The piece provides a nice lead-in to first single “Nerdy Dirty Talk,” with its synchronized percussion paradiddles. Stefan said, “The song is just a rhythmic figure that when applied to any instrument will sound composed in a harmolodic manner. It was the first song I composed for the band, and a celebration of sharing this dialogue and being influenced by our obsession with free jazz nerdism. It was a revelation to find one another because it’s such a particular musical medium. So yeah, it’s a party song.”
Gonzalez’s “Shedding Tongues,” the most complex construction here, begins with a Frerck pizzicato solo that ventures into Mingus/Haden territory before the vibes state the waltz-time theme. Gradually but inexorably, the pulse shifts from waltz to staccato gallop to 4/4 swing to a section where Canate conjures the spirit of Tony Williams playing “Rat Patrol shit” behind ‘60s Miles Davis, before the waltz returns.
The tune, Stefan said, “is about validating LGBTQ people and meeting them where they are and how they want to be seen, considered. Shedding our tongues of the tendency to need a gender designation right off the bat of any given social interaction. It’s also just about how language changes over time and trying to keep up. More than anything, it is my song of solidarity to the LGBTQ community as a non-binary person. That’s why there are so many moods in the song. It encompasses a wide range of emotions that hopefully communicate our ability to be multi-faceted in gender and sexuality. I think of our kind of jazz as non-binary. It’s tied to a tradition and a protest of tradition. It has macho and feminine moments. It has solely human moments too. It is not one thing. We humans, regardless of assigned gender, are by nature a combination of both masculine and feminine, and the grey areas in between.”

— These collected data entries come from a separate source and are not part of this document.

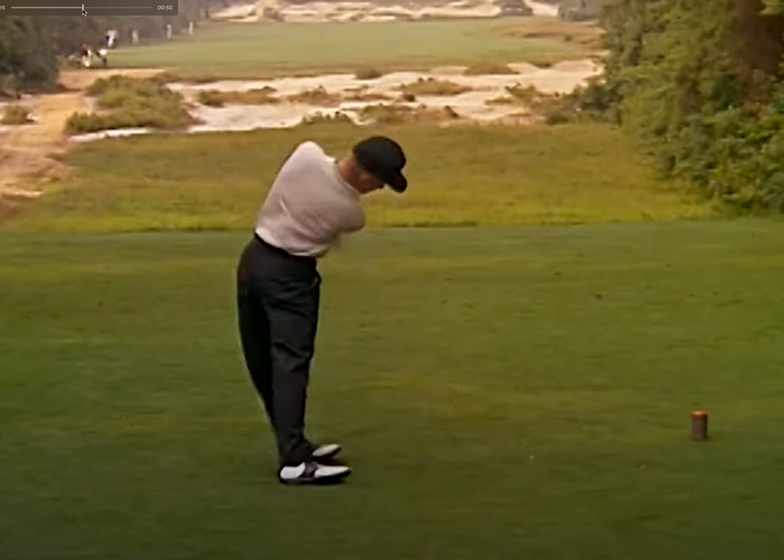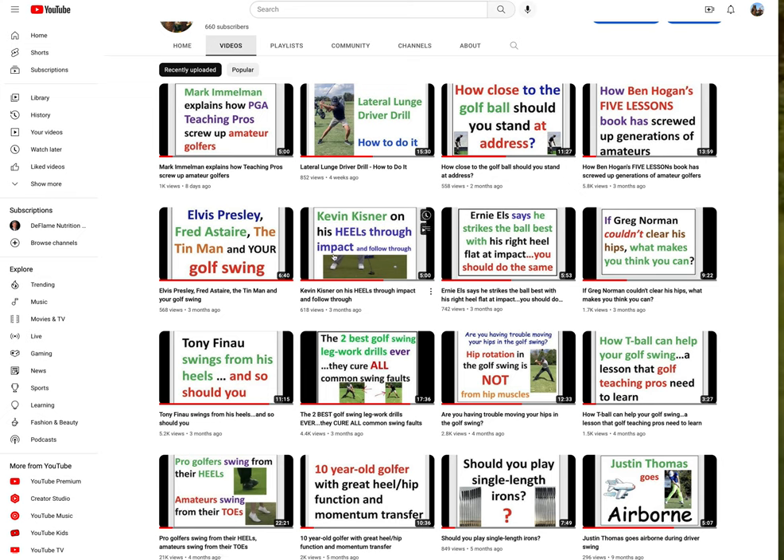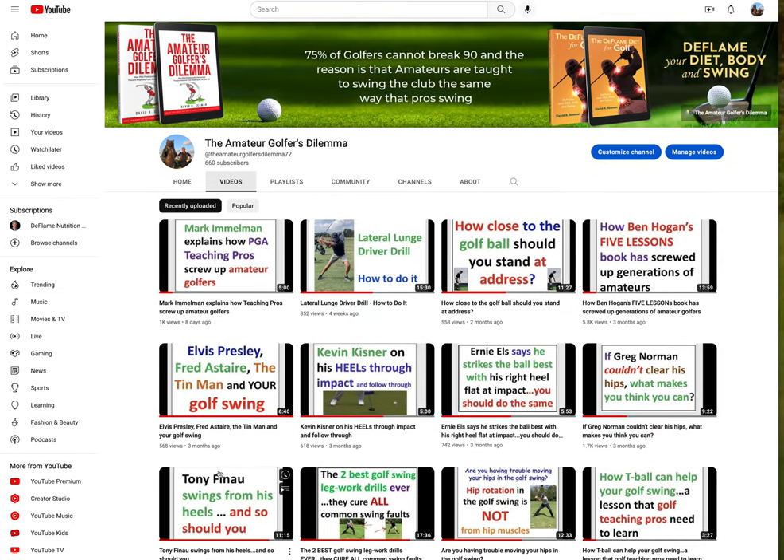Let's watch a little further through impact. He's well through the ball, well into follow-through, and you can see that his right foot is still on the ground. This is the way a lot of pros swing. Kevin Kisner through the ball — heels flat. Ernie Els says his best ball strike, his right heel is flat at impact. Tony Fino swings from his heels. Pros swing from their heels; amateurs swing from their toes. You can watch all these videos at The Amateur Golfer's Dilemma, and I've got links below to the book as well.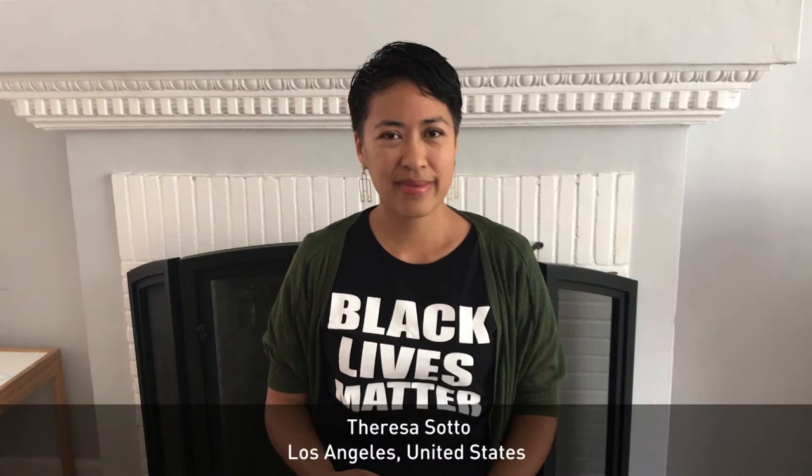I am really delighted to welcome Teresa Soto from the Hammer Museum in LA to the Best of Heritage 2020. I would like to ask you a few questions about the project that you won. Could you describe your institution for us?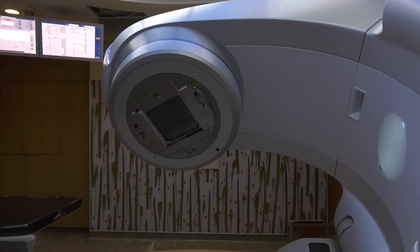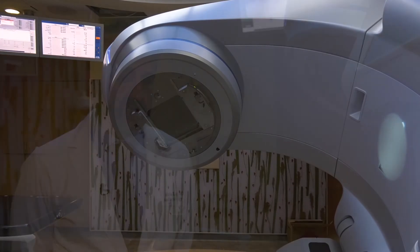No one in the Inland Empire has this dedicated radiosurgery machine that we have — and that goes for the entire Inland Empire. So you do not have to go to LA or Orange County.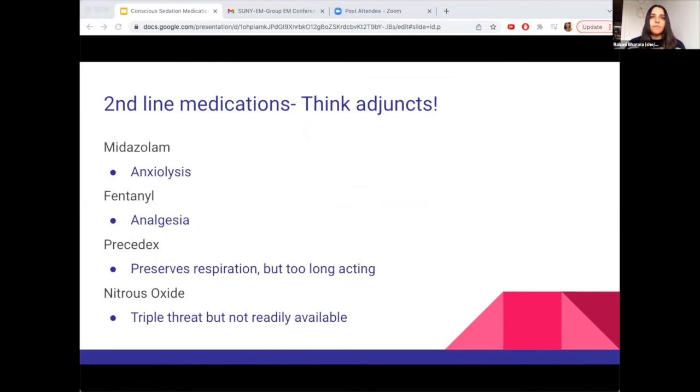For second-line medications, think of these mostly as adjuncts rather than primary sedatives. Midazolam is great for anxiolysis. Fentanyl provides analgesia — remember to have naloxone ready for respiratory depression. Precedex preserves muscle tone and respirations, but it's not the most predictable in terms of onset and is longer-acting, making it less ideal for ED use. Nitrous oxide is a nice triple threat providing analgesia, anxiolysis, and sedation, but we don't currently have access to it in the ED.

Summing up their thoughts on album and band, Stefan said, “I really love that this band brings an energy that is beautiful, catchy, intense, free, structured, highly sentimental but also ready to burn the whole establishment down. I really wanted all those things included in this band’s repertoire.” This record is the sound of Trio Glossia striking a blow for freedom of all kinds – and the stunning debut of two powerful new jazz voices: Matthew Frerck and Joshua Canate. Listen now and say you knew them back when, later. And catch their release show at Full City Rooster on March 1.